#### Your task:
The reply is to contain the full listing, repeated exactly, with pictures left out.
[Provided data Boundary: Start]
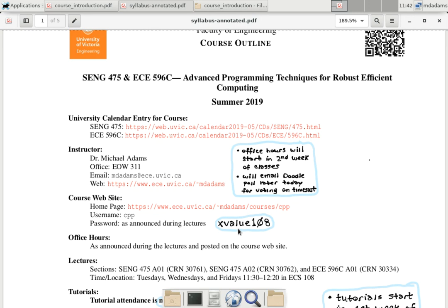The password is 'xvalue108.' In retrospect, it was a bad idea to put this on the slide since it's going to be online. I'll change it and let you know. This is a new thing — I've never tried recording before, so there are probably going to be some slip-ups and embarrassments along the way.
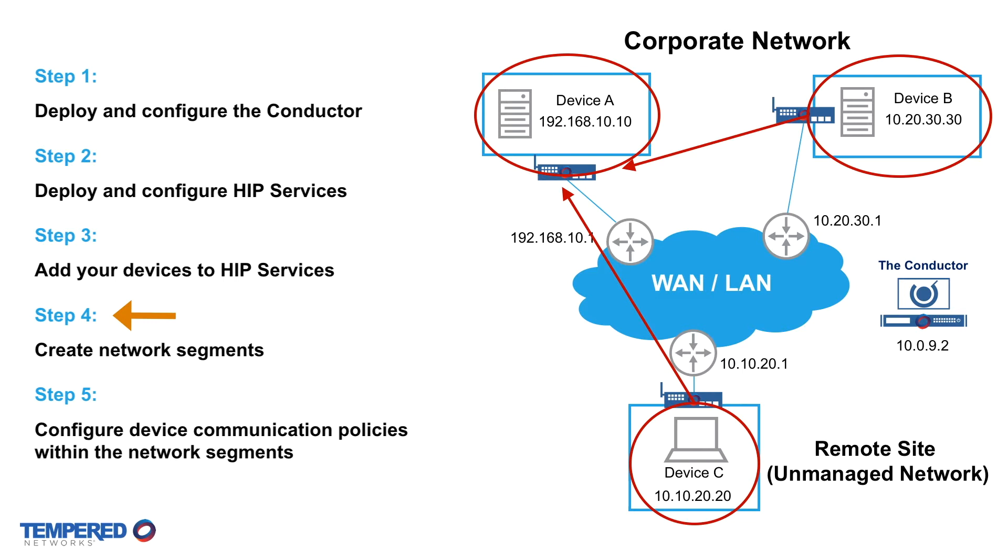Here the HIP services are physical appliances sitting in front of the connected devices. However, HIP services are also available in software, virtual, cloud, and embedded form factors. It just depends on what type of device you're connecting, which can really be anything from servers or laptops, payment kiosks, point-of-sale systems, sensors, IP cameras, cloud applications, SCADA systems, PLCs, and so on.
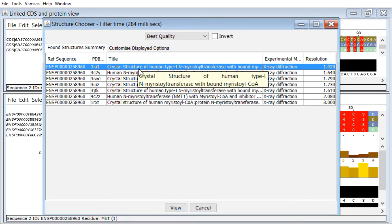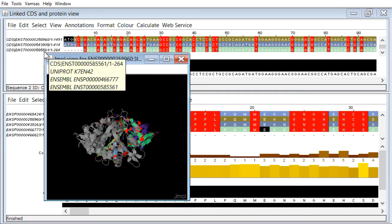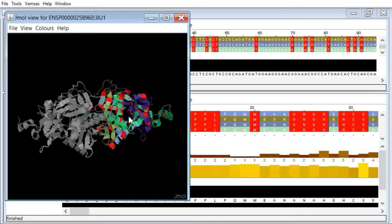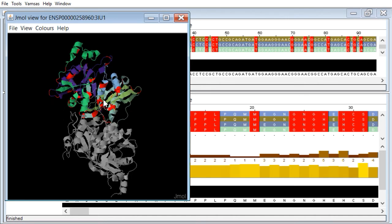And there we go. Crystal structure of human type 1 N-myristyl transferase. Let's go with that and view that. This comes back and it displays it using the Jmol applet. It is possible to get this into Chimera as well. I'm going to make this a little bigger. Grab on that left mouse button, drag that, and we can spin it around quite happily.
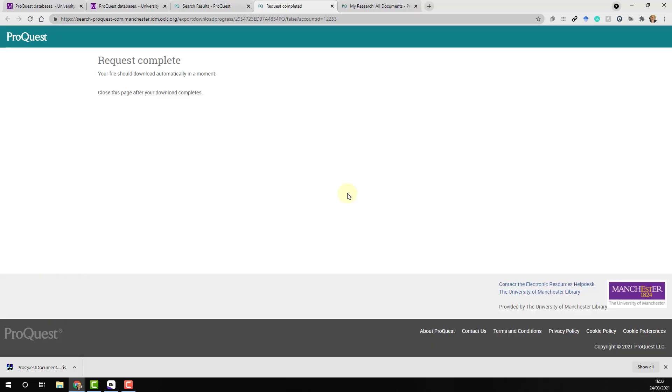Your references should now automatically download. If you're using Chrome, these records should appear in the bottom left-hand corner of your browser. Click the file.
[Provided data Boundary: End]
#### Response to this exercise:
The password is 'xvalue108.' In retrospect, it was a bad idea to put this on the slide since it's going to be online. I'll change it and let you know. This is a new thing — I've never tried recording before, so there are probably going to be some slip-ups and embarrassments along the way.
Here the HIP services are physical appliances sitting in front of the connected devices. However, HIP services are also available in software, virtual, cloud, and embedded form factors. It just depends on what type of device you're connecting, which can really be anything from servers or laptops, payment kiosks, point-of-sale systems, sensors, IP cameras, cloud applications, SCADA systems, PLCs, and so on.
And there we go. Crystal structure of human type 1 N-myristyl transferase. Let's go with that and view that. This comes back and it displays it using the Jmol applet. It is possible to get this into Chimera as well. I'm going to make this a little bigger. Grab on that left mouse button, drag that, and we can spin it around quite happily.
Your references should now automatically download. If you're using Chrome, these records should appear in the bottom left-hand corner of your browser. Click the file.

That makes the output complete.